A pretrained large language model has helped a robot resolve high-level commands into sequences of subtasks. It can do this more precisely with additional training — both on language-vision tasks and robotics tasks.
What’s new: Danny Driess and colleagues at Google and Technische Universität Berlin proposed PaLM-E, a large multimodal model designed to help control robots. PaLM-E takes a text command, and in executing the command, uses sensor data from a robot to resolve it into a series of low-level subcommands. A separate system converts these low-level commands into robotic control signals. The name adds E, for embodied, to that of Google’s large language model PaLM.
Key insight: Large language models tend to perform well if they’re trained on a lot of data. We don’t have a lot of robotics data (that is, records of commands, actions taken, and corresponding sensor readings).

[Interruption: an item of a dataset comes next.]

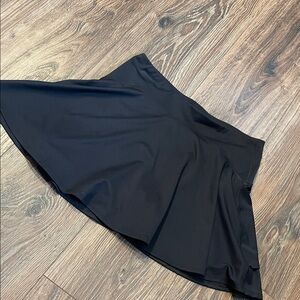 Old Navy Active power soft Black Flared Skirt with built in shorts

We can supplement that with vision-language data, which is plentiful, to help the model learn relationships between words and what a robot sees, and ultimately transfer what it learns to performing robotics tasks.
How it works: PaLM-E comprises a pretrained PaLM large language model and encoders that embed non-text inputs: (i) a pretrained vision transformer to embed images and (ii) a vanilla neural network to embed robot sensor data that described the pose, size, and color of objects in its view. In addition, the system relies on a motion controller that translates words into robotic control signals; in this case, a pretrained RT-1. Given a high-level command (such as “I spilled my drink, can you bring me something to clean it up?”) — plus images or sensor data from the robot — PaLM-E evaluates the robot’s situation and generates lower-level instructions to be fed to the motion controller.
- The authors trained the system for visual reasoning (fine-tuning the language model and ViT and training the vanilla neural network from scratch). They used 12 datasets mostly for visual question answering and image captioning. They also used three datasets designed for training robots to manipulate objects, such as Task and Motion Planning (TAMP), in which each example includes a text instruction and lists of initial and final sensor data.
- They formatted the data by interleaving text with embeddings that represented images, for instance, “What happened between <img1> and <img2>,” where <img1> and <imag2> were embeddings. Given the interleaved input, the language model produced an answer (to a question-answering task), a caption (in an image captioning task), or instruction or sequence of instructions (for a robotics task).
- They further trained the system using nearly 3,000 plans generated by SayCan, a system that translates high-level instructions into sequences of subtasks and robotic commands. Given a command, steps taken so far, and an image of the current scene, the language model generated the next step of a plan. For example, given the command to bring something to clean up a spilled drink, and the steps taken so far (“1. Find a sponge, 2. Pick up the sponge,”) plus an image embedding, the language model generated a response such as “3. Bring the sponge to the user.”
- At inference, given a step in the plan, the RT-1 controller converted the words into robot control signals. The robot executed the task and generated a new image or sensor data. Given this output, the original instruction, and previous steps, the encoders produced embeddings and the language model generated the next step. It repeated this process until it generated the output “terminate.”
Results: The authors evaluated PaLM-E in a simulation where it executed tasks from TAMP, which accounted for 10 percent of its training/fine-tuning data. PaLM-E achieved 94.9 percent success. A version of PaLM-E trained only on TAMP achieved 48.6 percent. SayCan, which also was trained only on TAMP, achieved 36 percent. The authors also tested PaLM-E using two physical robots, qualitatively evaluating its response to commands such as “Bring me the rice chips from the drawer.” The robots were able to follow instructions even when people tried to thwart them (say, by returning the bag of chips to the drawer immediately after the robot had pulled them out). You can watch a video here.
Why it matters: PaLM-E performed somewhat better than other systems that translate English into robotic control signals that were trained only on robotics data. But with additional training on vision-language and language-only tasks, it vastly outperformed them. Training on these apparently unrelated tasks helped the model learn how to control a robot.
We’re thinking: Training on massive amounts of text and images continues to be a key to improving model performance across a wide variety of tasks — including, surprisingly, robotics.